— ACTIVITY —
An exact transcription of every entry is required. Images are not part of it.

— DATA FOR ANALYSIS —
########
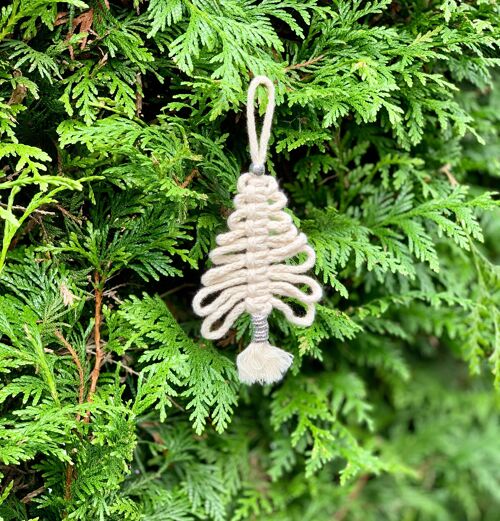 Macrame Christmas Tree Decorations Craft Kit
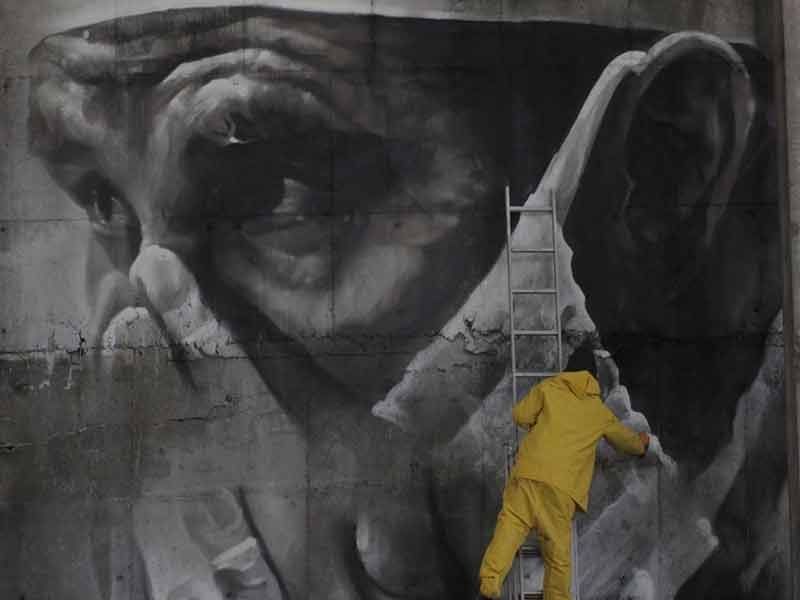 Чернобиль.Гвідо ван Хелтен граффіті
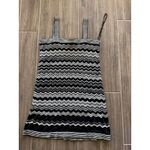 Missoni for Target Black White Zigzag Knit Tank Dress Size L Size L Photo 4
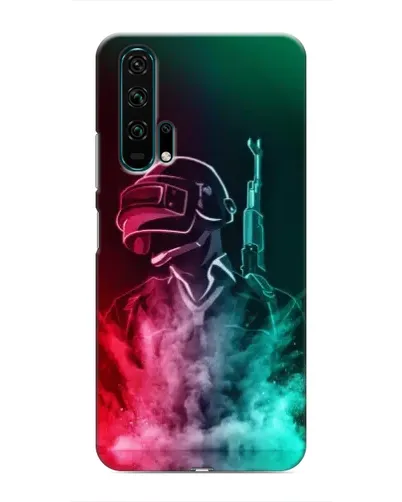 Чехол для Huawei Honor 20 Pro с картинкой «PUBG — огненный воин» Чехол для Huawei Honor 20 Pro с картинкой «PUBG — огненный воин»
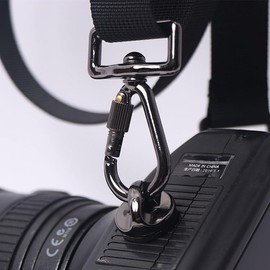 Camera sutorappuadaputa- Carabiner with 1/Tripod Screw for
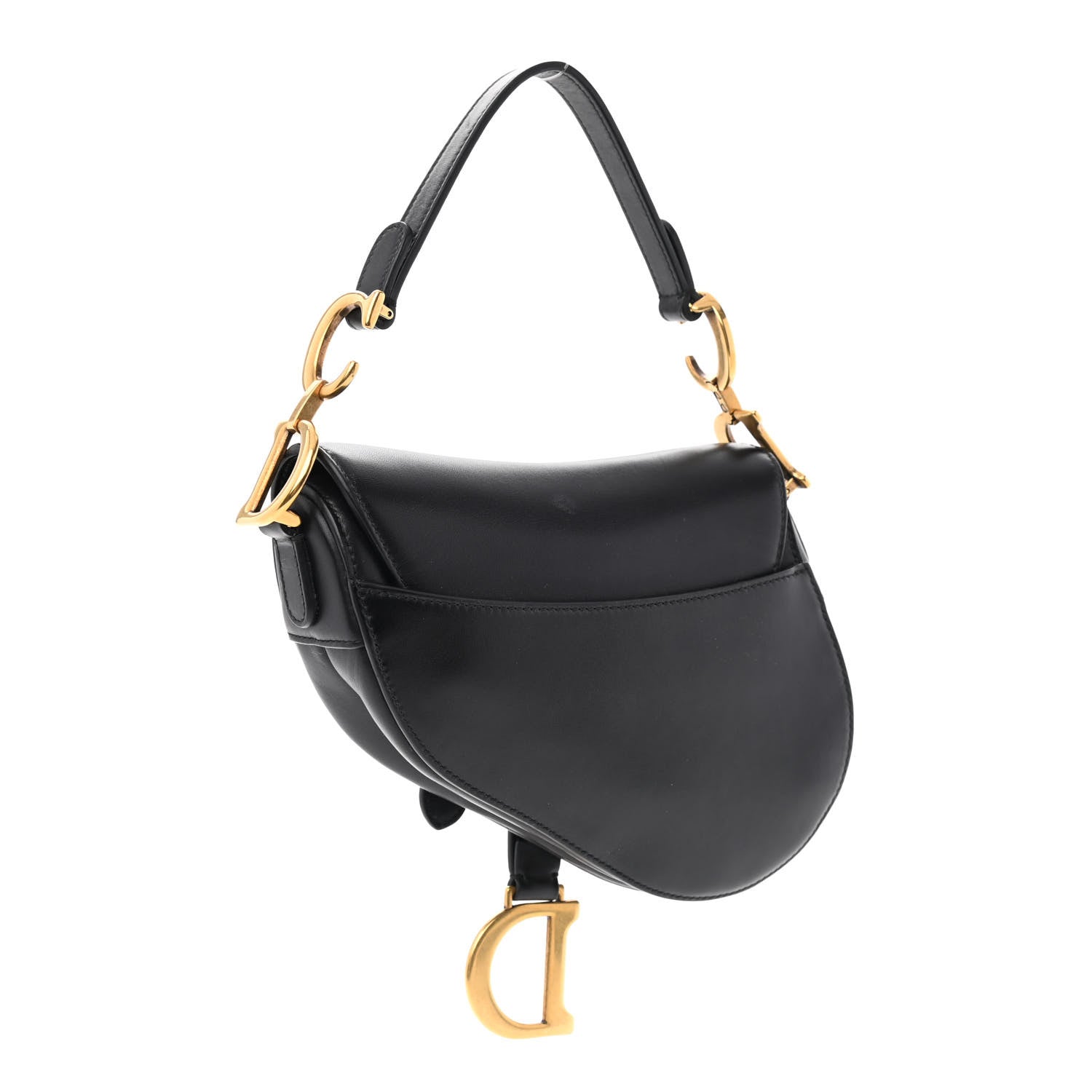 Christian Dior Calfskin Mini Saddle Bag Black 3 of 12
########
— ANSWER TO THIS TASK —
 Macrame Christmas Tree Decorations Craft Kit
 Чернобиль.Гвідо ван Хелтен граффіті
 Missoni for Target Black White Zigzag Knit Tank Dress Size L Size L Photo 4
 Чехол для Huawei Honor 20 Pro с картинкой «PUBG — огненный воин» Чехол для Huawei Honor 20 Pro с картинкой «PUBG — огненный воин»
 Camera sutorappuadaputa- Carabiner with 1/Tripod Screw for
 Christian Dior Calfskin Mini Saddle Bag Black 3 of 12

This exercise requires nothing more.